Peter Newcome (1715–1779) was an English educator and Fellow of the Royal Society.

==Life==
He was the son of Henry Newcome LL.D. of Hackney (died 1756) and Lydia Morland. His father established Newcome's School there, a noted private academy. Richard Newcome was his uncle. His paternal grandfather was Peter Newcome, son of Henry Newcome the nonconformist minister, and his maternal grandfather was Benjamin Morland; the school was previously run by Morland. Peter Newcome the son matriculated at Queens' College, Cambridge, in 1732, graduating B.A. in 1735 and M.A. in 1738. He was then a fellow of the college from 1740 to 1742.

The Newcome family had a social connection to the family of Henry Grey, 1st Duke of Kent, who died in 1740. Lord Charles Cavendish married the Duke's daughter Anne Grey, and Henry Cavendish, the natural philosopher, was their son, and a pupil at Newcome's School from 1742. His father recommended Peter Newcome for the Royal Society in the same year. The other sponsors were Philip Yorke who was an alumnus of Newcome's School, Thomas Birch and Daniel Wray.

Through this connection to the Cavendish circle, Newcome participated in scientific life in London. He joined the informal Royal Society dining club in 1744. He attended Sir William Watson's 1747 experiments in the conduction of electricity across the River Thames. Later, in the 1760s, Newcome was on the Royal Society's council. He published in the Philosophical Transactions a paper on an earthquake of 1750.
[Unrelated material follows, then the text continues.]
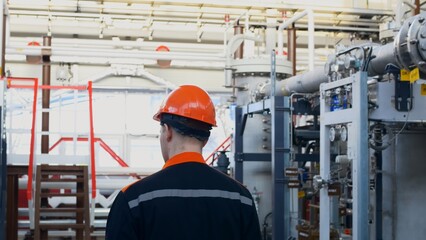 A view from the back of a worker in an orange helmet and overalls walks around his equipment at a chemical plant in the pump shop, checking the condition of the equipment. Factory work.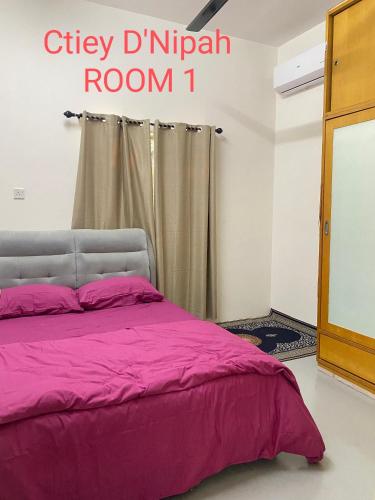 Postel nebo postele na pokoji v ubytování Ctiey D'Nipah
Newcome took over the school on his father's death. He inherited local property rights, in Clapton, on condition that he continued as the school head; he did so, but for three years only. Newcome's School was fashionable, and was noted for its drama; David Garrick contributed to one in 1763. Eventually Newcome ceded control to his half-brother Henry, who was succeeded by his son Richard.